Masked load/store are overloaded intrinsics, the only generic type is the type of the value being loaded/stored. The signature of the intrinsic is generated based on this type. The type of the pointer argument is generated as a pointer to the return type with default addrspace. E.g.:
declare <8 x i32> @llvm.masked.load.v8i32(<8 x i32>*, i32, <8 x i1>, <8 x i32>)
The problem occurs when loop-vectorize tries to use @llvm.masked.load/store intrinsic for a non-default addrspace pointer. It fails with "Calling a function with a bad signature!" assertion in CallInst constructor because it tries to pass a non-default addrspace pointer to the pointer argument which has default addrspace.
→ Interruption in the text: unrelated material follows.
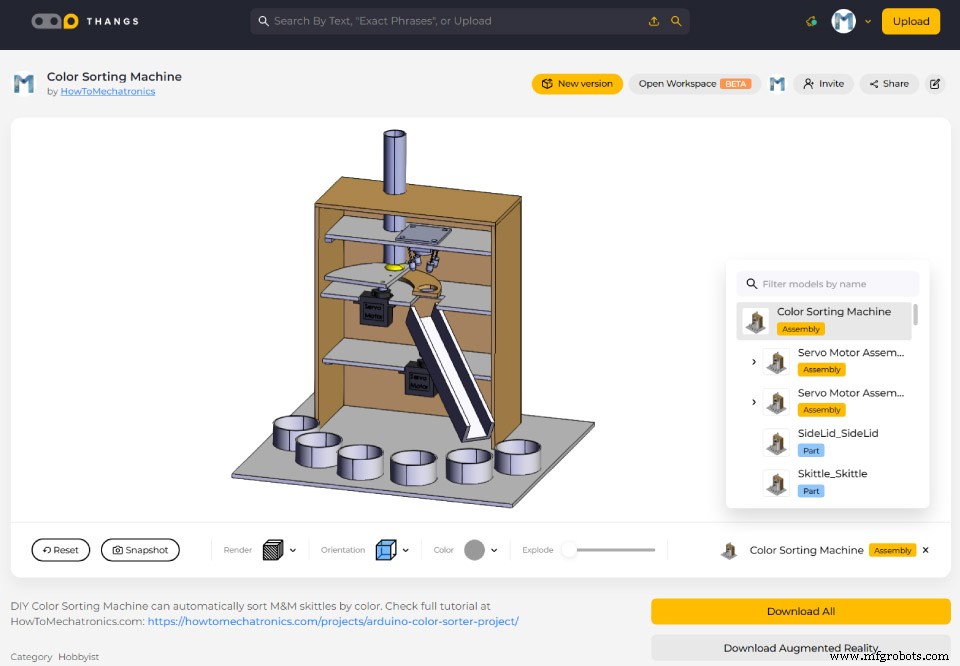 Build an Arduino Color Sorter: Simple Guide with TCS3200 & Servos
The proposed fix is to add pointer type as another overloaded type to @llvm.masked.load/store intrinsics. So, there will be something like for an addrspace(1) pointer:
declare <8 x i32> @llvm.masked.load.v8i32.p1v8i32(<8 x i32> addrspace(1)*, i32, <8 x i1>, <8 x i32>)
This patch updates:
- Intrinsics description in Intrinsics.td
- LangRef.rst
- IRBuilder
- Existing testcases
- Adds a test case to masked_load_store.ll which check that a loop with non-default addrspace pointers is correctly vectorized
The problem is relevant for gather/scatter intrinsics as well. This patch doesn't address them because loop-vectorize doesn't emit them yet.
Hm, looking at this mangling, the later bit implies the former. Is there a way to rewrite the definition such that the vector type is inferred from the pointer type?
(The code is correct, just slightly verbose.)